You couldn’t ask for a more perfect day, flight or experience. My pilot was Jason. He had been a crop duster in Idaho for seven years. He quit not because it was incredibly dangerous but rather the liability. One over spray and the lawsuits could cost millions. Anyway, Jason was born to be a pilot.
The tour was spectacular. We left Kutzbue and headed to Kubuk Valley. The terrain looked like a championship golf course. It was surprising to see the number of “first persons” villages. And, every so often there would be a small cabin. Wow, I never knew that so many people just wanted to be left alone.
Kubuk Valley National Park is located above the Arctic Circle, in the Northwestern part of Alaska. It was designated a National Park to preserve the Great Kubuk Sand Dunes and the main migration routes for caribou. No roads go to Kubuk Valley so a chartered plane is the only way to get there.
I did see a few caribou and also moose and grizzly bears. When we spotted any large animal Jason would make a hard bank and get so close we could pet them. Almost.
Gates of the Arctic is the northern most Park, has no roads, and is the second largest Park in the United States. The adjoining Wilderness and the Noatak Wilderness form the largest Wilderness area in the US. This park is also completely above the Arctic Circle. It was designed a National Park to protect portions of the Brooks Mountains. The Brooks Range is considered the northern most part of the Rocky Mountains.
I actually got to land and walk around on the Kubuk sand dunes and a dry river bed in Gates. While it was in the 50s on the dunes it was in the high 30s in Gates of the Arctic. You will notice the oversized tires on the plane. These are specially made Kevlar tires costing $4000 for two. Apparently asphalt chews them up so we took off and landed on the gravel next to the runway.
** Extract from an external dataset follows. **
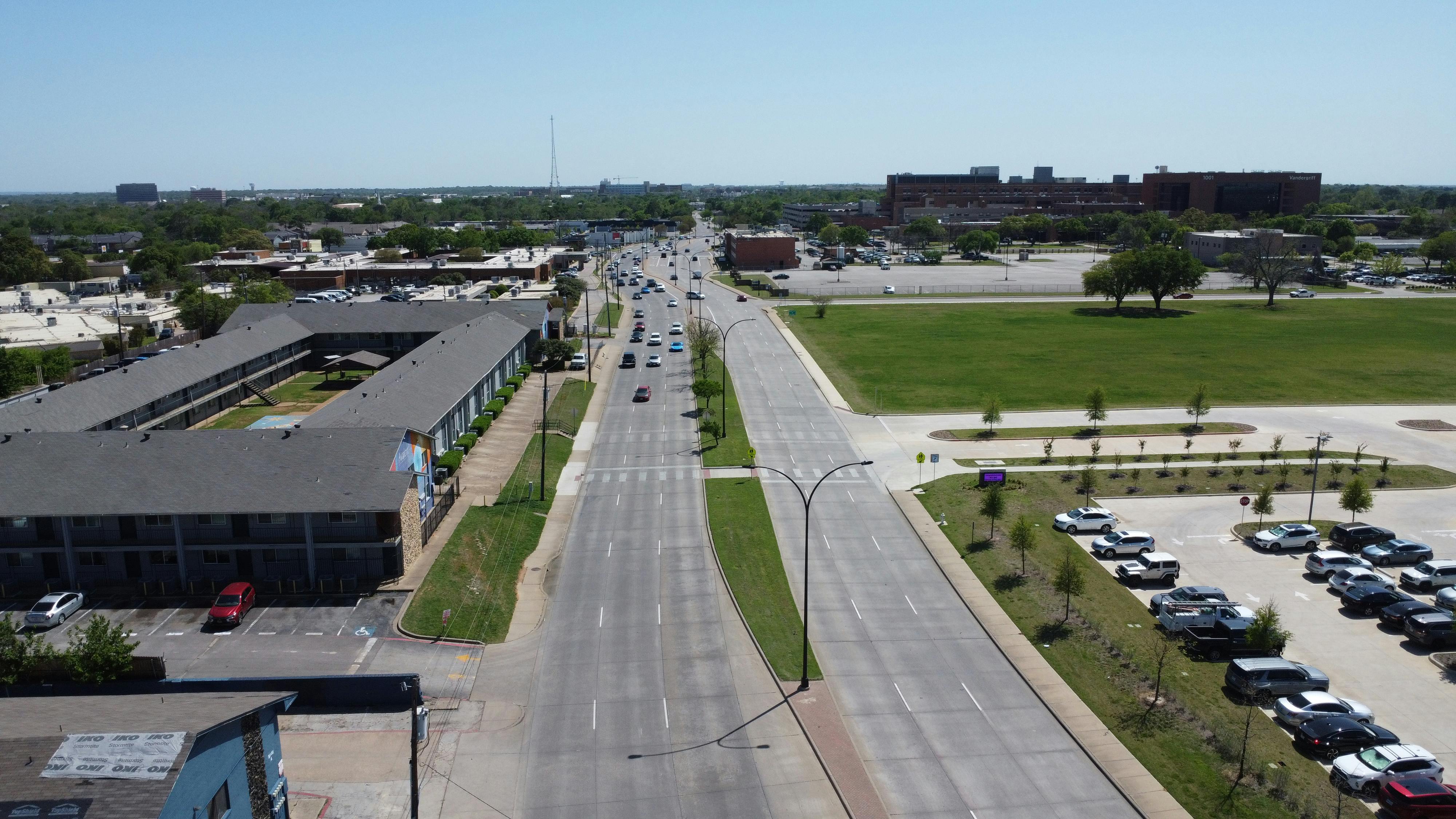 Divided roadway with sidewalks and crosswalks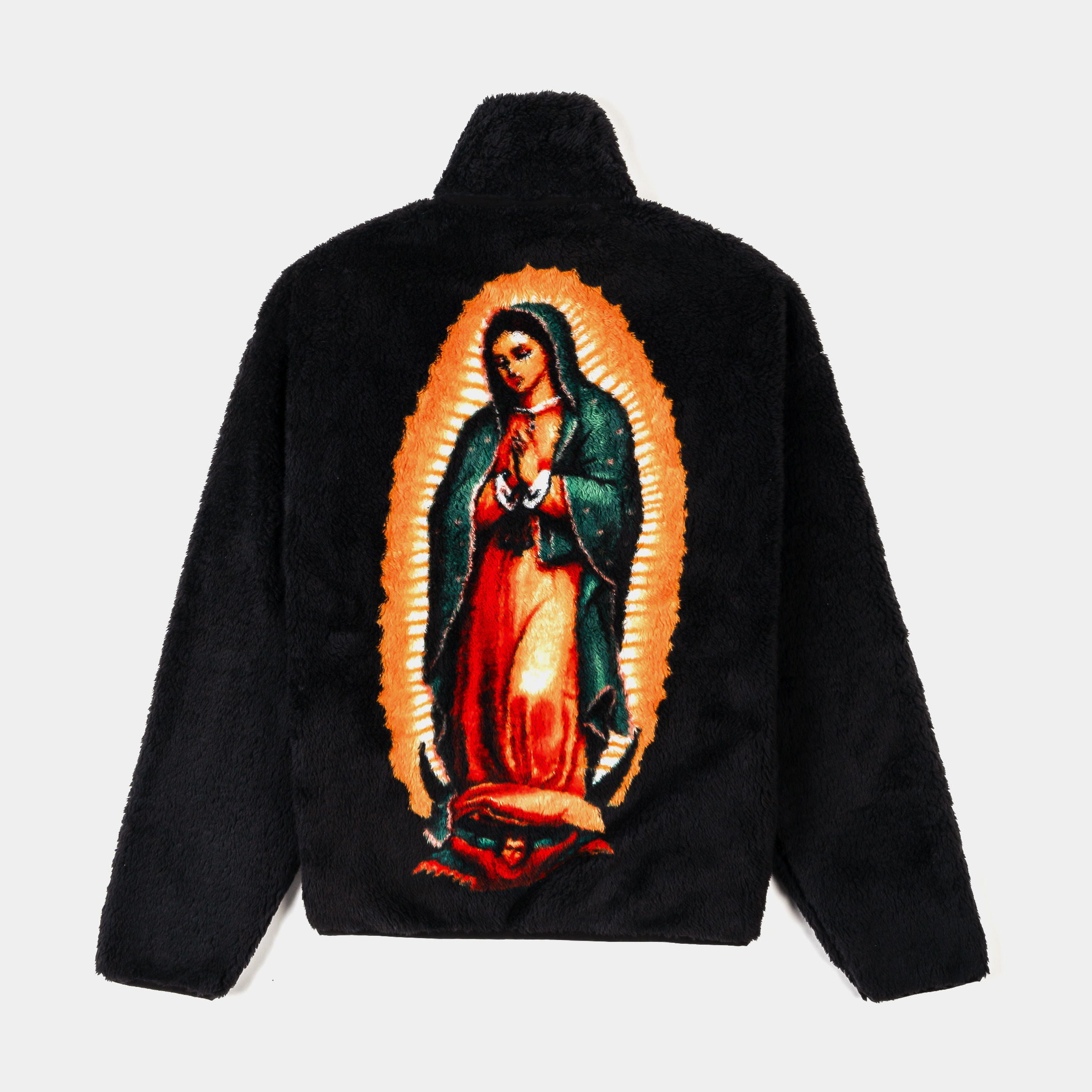 Black faux fur jacket with religious patches and zippered pockets.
On purpose.
After the flight I spent the rest of the day in Kutzbue. This tribal town has three Chinese restaurants. Of course, they also serve pizza. I spent time at the Northwest Arctic Heritage Center and walked around the town. It was five hours until my flight back to Anchorage. That’s about four hours more than you need.
My only regret is that the stopover in Nome was too short. Nome was Alaska’s largest city back in the gold rush days. An interesting factoid about Nome is that they have a city ordinance that says you can only have as many bars in town as churches. Seems that the whole town was excited about the new St Francis Catholic Church being being built. Fantastic, we get another bar! If only the Rock Hall Mayor and Council could be so enlightened. On second thought, Rock Hall would need to quickly build six new churches. Lillian picked me up at 10 pm. A long but epic day.